James Queally
Biography
James Queally
James Queally is a journalist, author and general arbiter of fact from fiction. He's spent the past decade writing about crime, policing and chaos: first in Newark, NJ for The Star-Ledger and currently for the Los Angeles Times. He's covered hurricanes, hate crimes, street racing, way too many murders, protests in Ferguson, MO that sparked a national movement and tragic killings on street corners in Jersey that you've never heard of and probably never will. The experience has been as exhilarating (interviewing luchadoras before they smash someone with a top-rope cross body in an East L.A. warehouse), as it's been annoying (dealing with tear gas isn't fun, dealing with people who worship Pamela Geller even less so.)

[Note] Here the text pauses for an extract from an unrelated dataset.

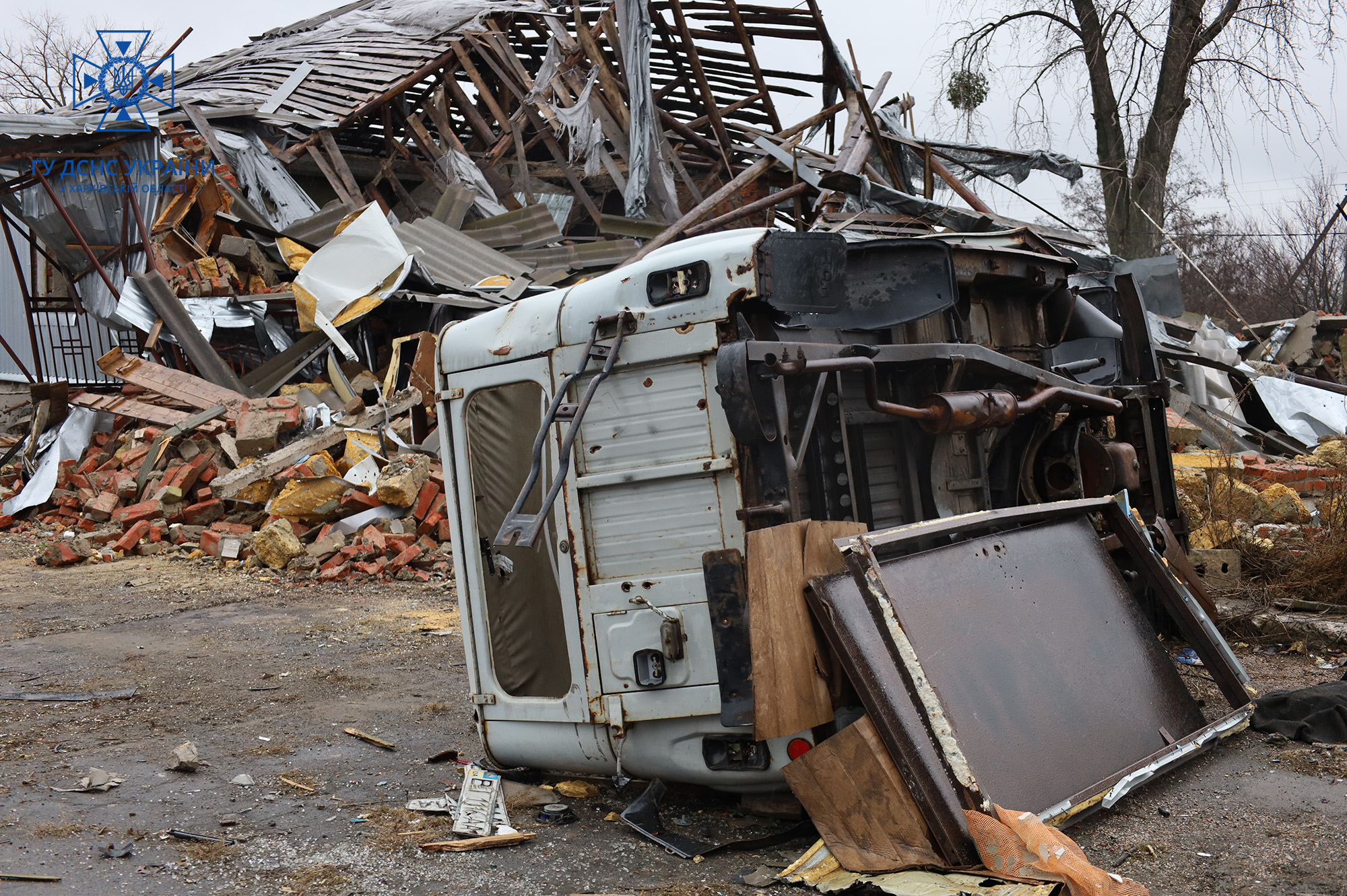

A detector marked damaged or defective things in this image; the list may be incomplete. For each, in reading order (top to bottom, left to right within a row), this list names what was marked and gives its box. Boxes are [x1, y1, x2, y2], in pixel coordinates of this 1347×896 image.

rusted exhaust pipe [765, 353, 1121, 434]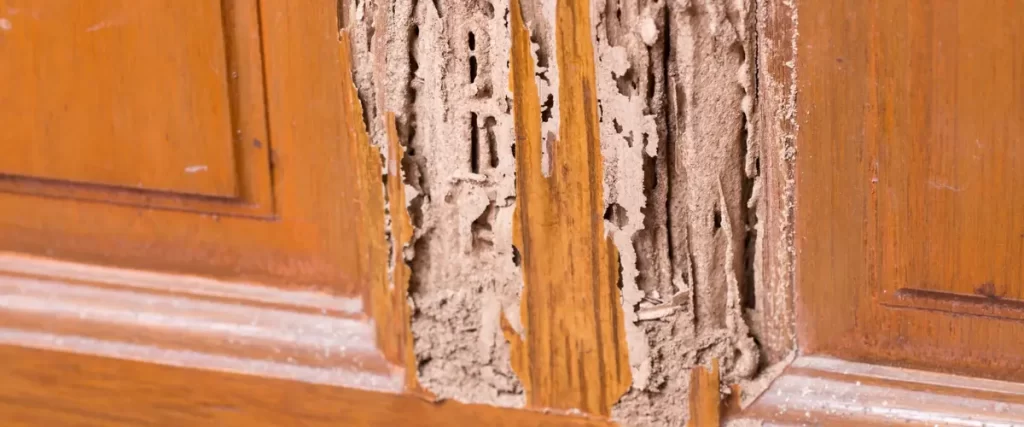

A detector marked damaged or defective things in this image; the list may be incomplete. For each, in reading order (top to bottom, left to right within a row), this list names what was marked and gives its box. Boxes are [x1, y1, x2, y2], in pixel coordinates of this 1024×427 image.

With a cop Dad, a nurse Mom, and a comic book addiction that left him convinced Ben Urich was the hero of those Daredevil comics filling up his high school bedroom, James always wanted to chronicle crime, both real and imagined. His short fiction --- home to a wide array of halfway-bad people trying to do halfway-decent things, including a failed screenwriter turned sex-driven small-time thief and a poser hit man who never actually killed anyone --- has appeared in Thuglit, Literary Orphans, Inside Jersey Magazine, All Due Respect, Crime Syndicate Magazine, Shotgun Honey and Out Of The Gutter Online.
Queally lives in Los Angeles, and there were stops in Staten Island, NY and Newark along the way, but he was born and raised in Brooklyn. When you piss him off, the accent will come out and confirm that.